Including the root object

Notice the output does not contain the "root" object, { level_1: ... } . If this is desired, we can change the program like so -

const { basename } =
  require ("path")

const dir2obj = async (path = ".") =>
  ( { [basename (path)]: // <-- always wrap in object
      (await stat (path)) .isFile ()
        ? String (await readFile (path))
        : await parallel
            ( readdir (path)
            , p => dir2obj (join (path, p)) // <-- no more wrap
            )
            .then (results => Object.assign(...results))
    }
  )

dir2obj ("./level_4") .then (console.log, console.error)
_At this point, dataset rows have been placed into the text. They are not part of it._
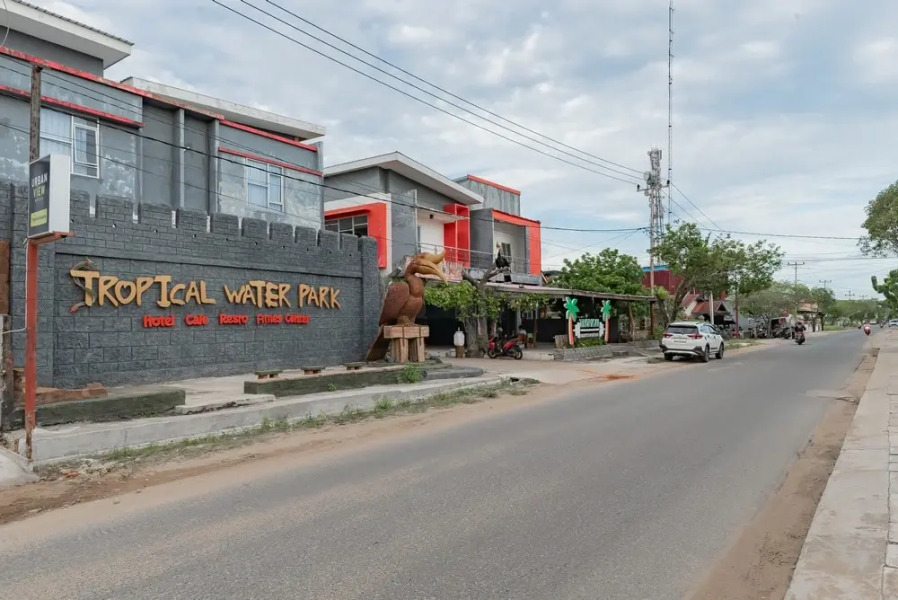 Urbanview Hotel Tropical Ketapang by RedDoorz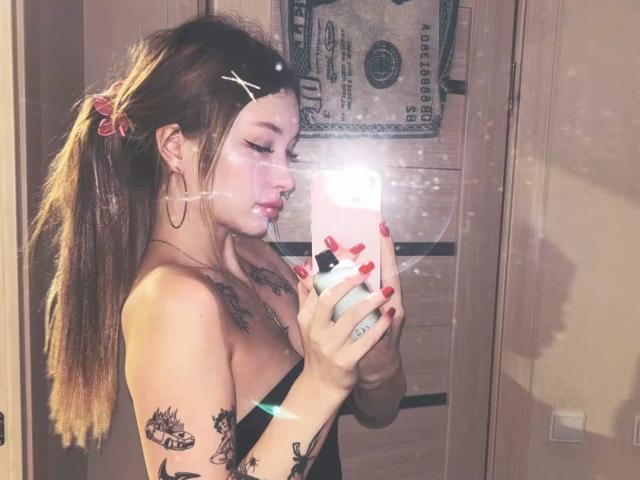 RossanaSemone - Live porn &amp; sex cam - 30901310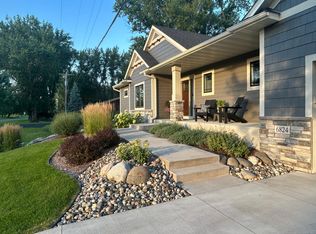 6824 E Shadow Lake Dr, Circle Pines, MN 55014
The root object now contains the original input path -

{
  "level_4": {
    "file_4_1": "file_4_1 content\n",
    "file_4_2": "file_4_2 content\n"
  }
}

This version of the program has a more correct behavior. The result will always be an object, even if the input path is a file -

dir2obj ("./level_1/level_2/level_3_2/level_4/file_4_2")
  .then (obj => JSON.stringify (obj, null, 2))
  .then (console.log, console.error)

Still returns an object -

{
  "file_4_2": "file_4_2 content\n"
}

Rewrite using imperative style without async-await

In a comment you remark on the "unreadable" style above, but I find boilerplate syntax and verbose keywords highly unpalatable. In a style I suspect you'll recognize as more familiar, take notice of all the added chars -

const dir2obj = function (path = ".") {
  return stat(path).then(stat => {
    if (stat.isFile()) {
      return readFile(path).then(String)
    }
    else {
      return readdir(path)
        .then(paths => paths.map(p => dir2obj(join(path, p))))
        .then(Promise.all.bind(Promise))
        .then(results => Object.assign(...results))
    }
  }).then(value => {
    return { [basename(path)]: value }
  })
}

Our variables are more difficult to see because we have words like "function", "return", "if", "else", and "then" interspersed through the entire program. Countless {} are added just so the keywords can even be used. It costs more to write more — let that digest for a moment.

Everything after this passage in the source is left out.